When you're using JavaScript frameworks/libraries like Vue, React or Svelte for your application, the server will generally deliver a bare-bones HTML page (often with an empty #app element) and then send the JavaScript required to create the page.

Your framework of choice generates all the elements and then mounts to the #app element.

The Downsides of Frameworks

In the past, search engines didn't used to execute this JavaScript and so they never saw the awesome content you were rendering for visitors.

This is less of a problem now, since most search engines will execute JavaScript and wait for data hydration when they're crawling a website. But some people prefer for the code to be there on first load, just in case.

How SSR works

Server-Side Rendering is an extra step in the process made possible by a NodeJS server that holds a copy of your application and is able to render the full HTML page that the visitor requests.

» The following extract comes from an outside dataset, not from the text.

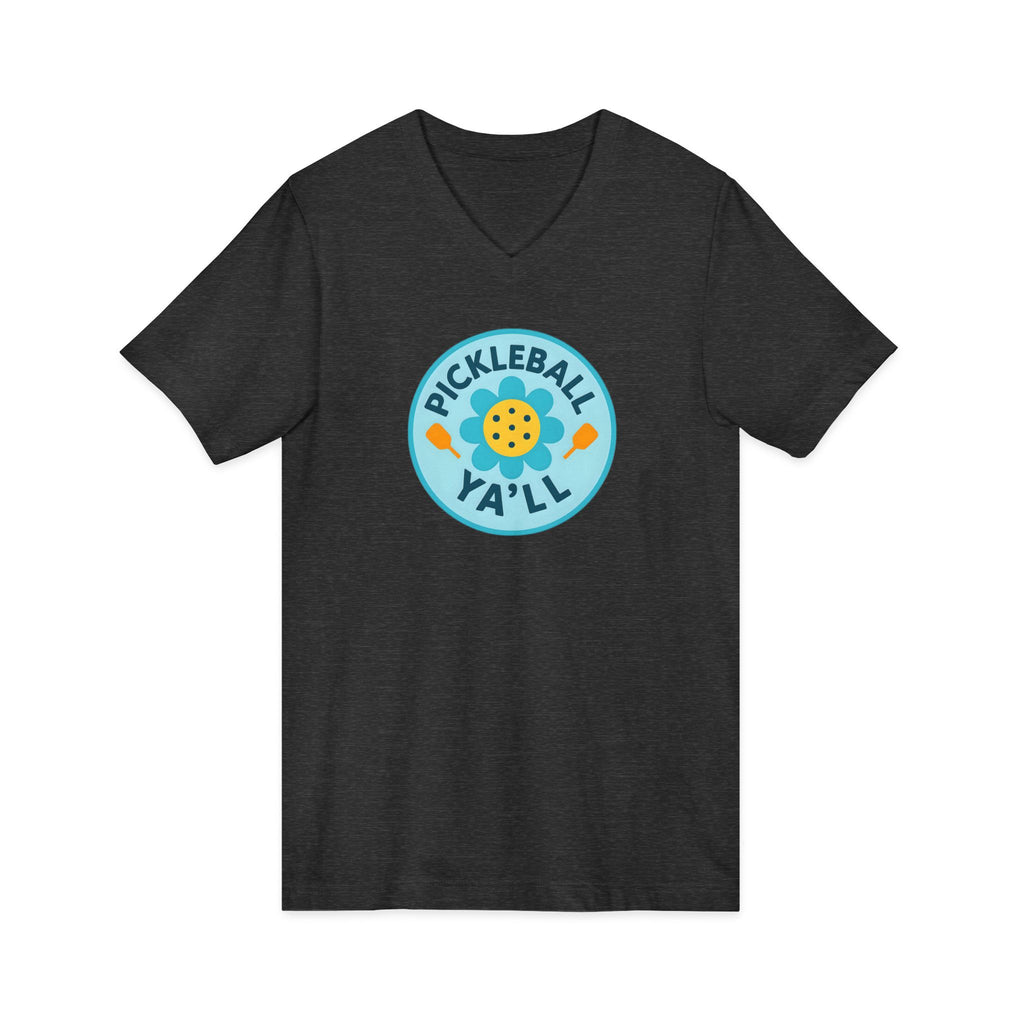 Pickleball. Unisex, V-Neck, Short Sleeve, Graphic T-Shirt. Pickleball Y'all.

  1. Visitor requests a page of your site.
  2. The server gets the HTML shell and is told to contact the SSR server for the rest.
  3. Server contacts the SSR server, gives it the page props and gets the HTML code in return.
  4. The generated code is then injected into the mount point.
  5. Visitor gets the full HTML page immediately and the JavaScript needed to carry on navigating the rest of the website.

Starting the SSR server

Once you've run a build of your theme, you can start the SSR server.

sh
npm run ssr

This command uses a process manager called PM2 to run our wp inertia:start-ssr command. Without PM2, you'd have to keep the command running in your terminal permanently. PM2 allows you to run it as a background process and even restarts the SSR server if your server has to restart.

WARNING

The SSR server will only be used if you've enabled SSR mode in your Wordpress admin menu. More on this in the next section.

Stopping the SSR server

sh
npm run ssr:stop

Restarting the SSR server

sh
npm run ssr:restart

TIP

All of the above commands must be run from your theme directory in your terminal.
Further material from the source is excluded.